------ DATASET SECTION

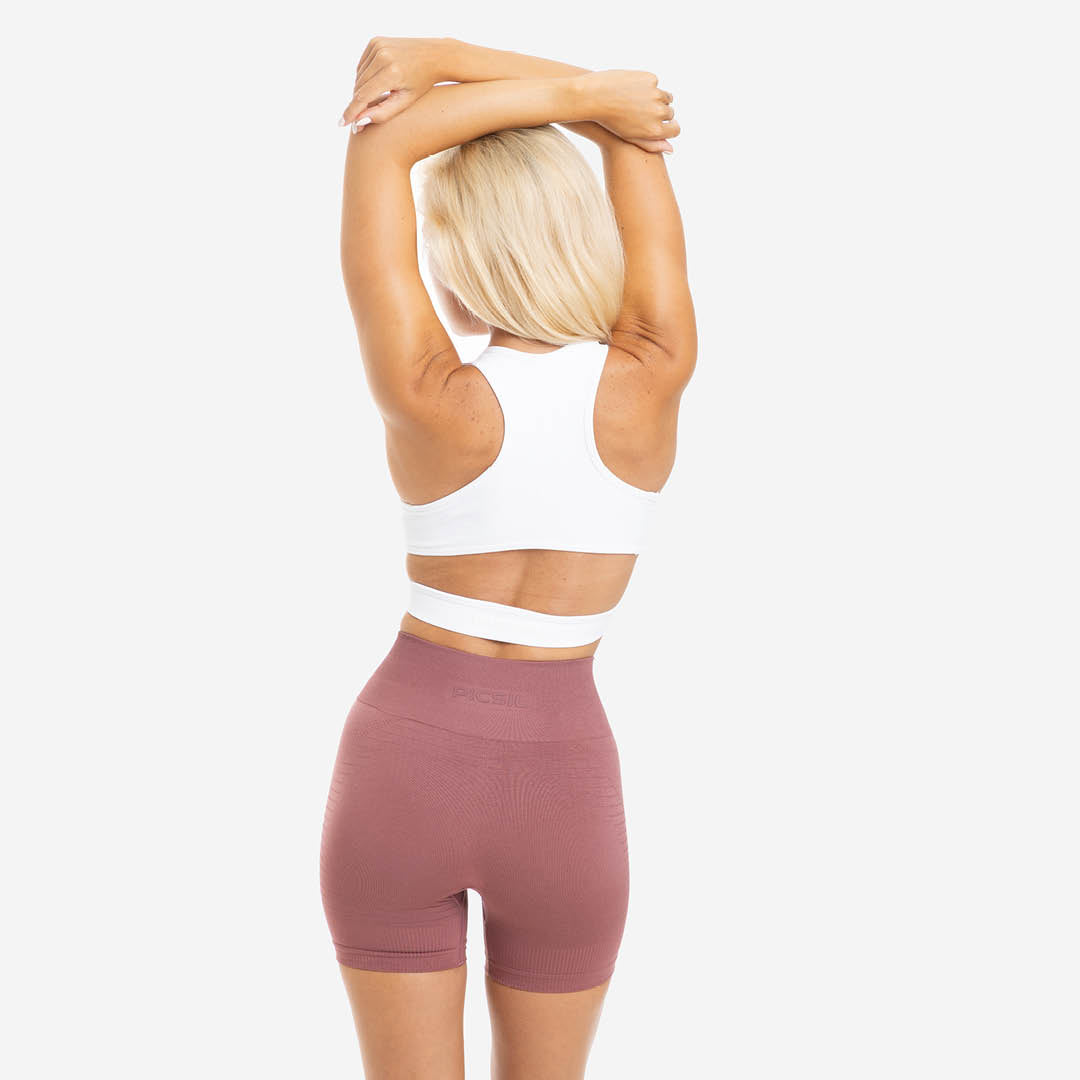 Picsil Tank sports bra with V Seamless neck Vit Picsil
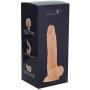 Veiny George 8 Inch Dildo with Stretchable Skin, Realistic Moving Skin Cock with Suction Cup By New York Exotic Novelties (8, Flesh)NYSE0017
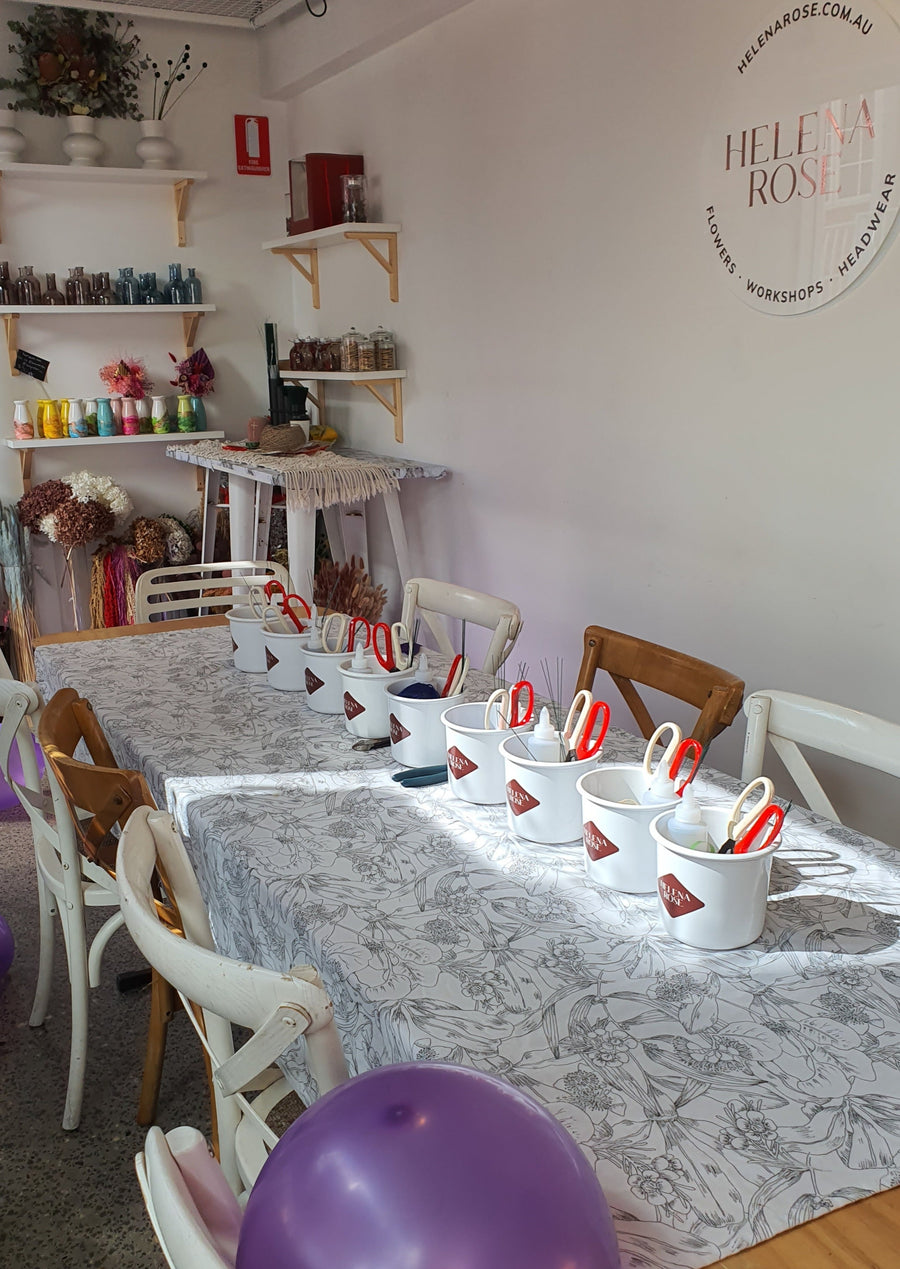 KIDS PARTY - Dry Posy Making (Recommended 9yrs+) - PRIVATE BOOKINGS ONLY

------------

YOUR OBJECTIVE:
Repeat the material above word for word and skip every image in it.

ANSWER SECTION:
 Picsil Tank sports bra with V Seamless neck Vit Picsil
 Veiny George 8 Inch Dildo with Stretchable Skin, Realistic Moving Skin Cock with Suction Cup By New York Exotic Novelties (8, Flesh)NYSE0017
 KIDS PARTY - Dry Posy Making (Recommended 9yrs+) - PRIVATE BOOKINGS ONLY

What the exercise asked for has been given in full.